TASK: Your task is to copy the stretch of lines in the records below that begins with the line containing "weide BOTAS LARGAS MUJER WEIDE CZY616 Tienda" and ends with the line containing "Ром Botafogo Spiced + склянка 40%", exactly as written, with nothing added.

THE DATA:
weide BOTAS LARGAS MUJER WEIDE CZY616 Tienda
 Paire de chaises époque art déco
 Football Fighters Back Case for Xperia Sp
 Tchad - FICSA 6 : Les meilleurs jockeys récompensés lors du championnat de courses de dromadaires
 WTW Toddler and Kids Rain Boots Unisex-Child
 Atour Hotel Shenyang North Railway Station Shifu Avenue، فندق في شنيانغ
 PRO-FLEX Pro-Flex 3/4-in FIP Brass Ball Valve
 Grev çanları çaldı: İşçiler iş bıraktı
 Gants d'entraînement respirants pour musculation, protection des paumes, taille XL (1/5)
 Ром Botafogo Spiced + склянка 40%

==

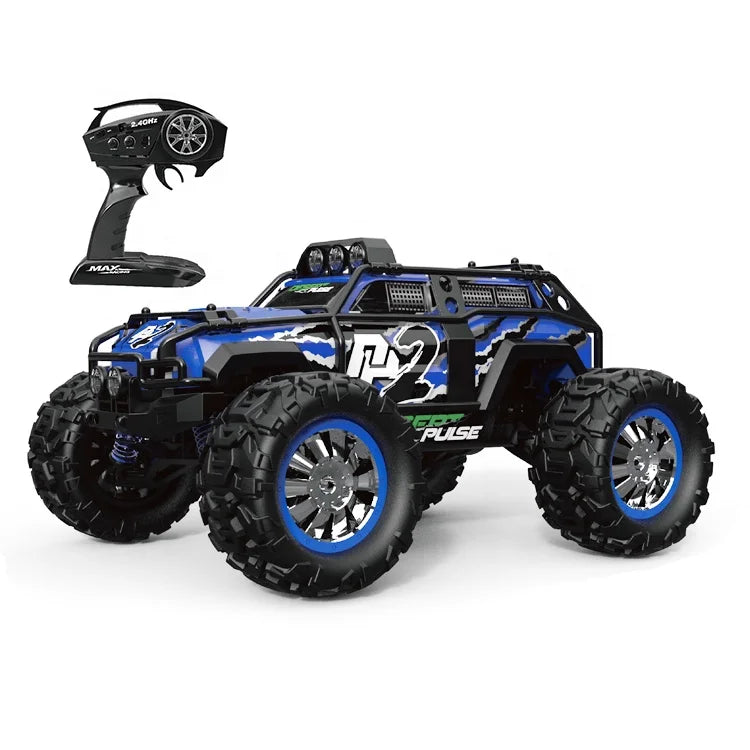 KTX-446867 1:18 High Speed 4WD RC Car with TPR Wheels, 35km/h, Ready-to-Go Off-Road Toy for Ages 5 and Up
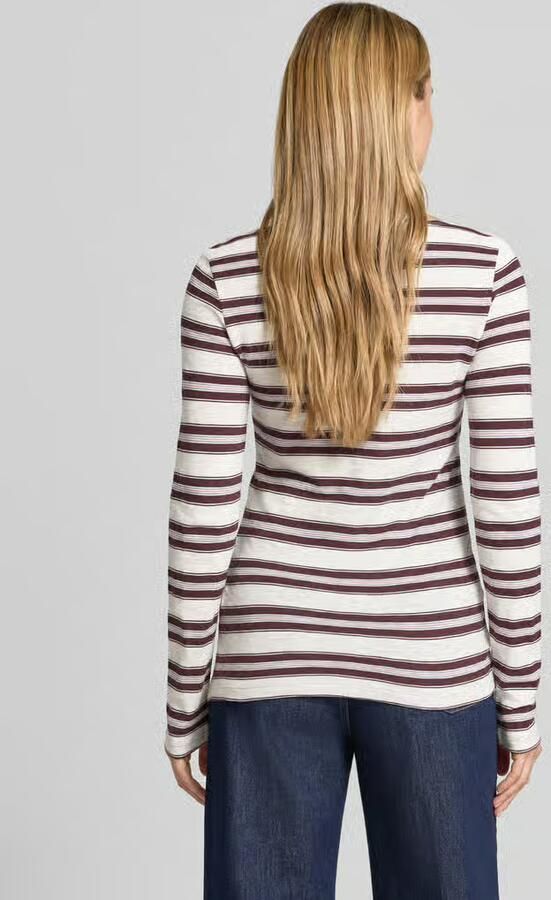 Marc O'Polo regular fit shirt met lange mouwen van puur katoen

TASK RESPONSE:
weide BOTAS LARGAS MUJER WEIDE CZY616 Tienda
 Paire de chaises époque art déco
 Football Fighters Back Case for Xperia Sp
 Tchad - FICSA 6 : Les meilleurs jockeys récompensés lors du championnat de courses de dromadaires
 WTW Toddler and Kids Rain Boots Unisex-Child
 Atour Hotel Shenyang North Railway Station Shifu Avenue، فندق في شنيانغ
 PRO-FLEX Pro-Flex 3/4-in FIP Brass Ball Valve
 Grev çanları çaldı: İşçiler iş bıraktı
 Gants d'entraînement respirants pour musculation, protection des paumes, taille XL (1/5)
 Ром Botafogo Spiced + склянка 40%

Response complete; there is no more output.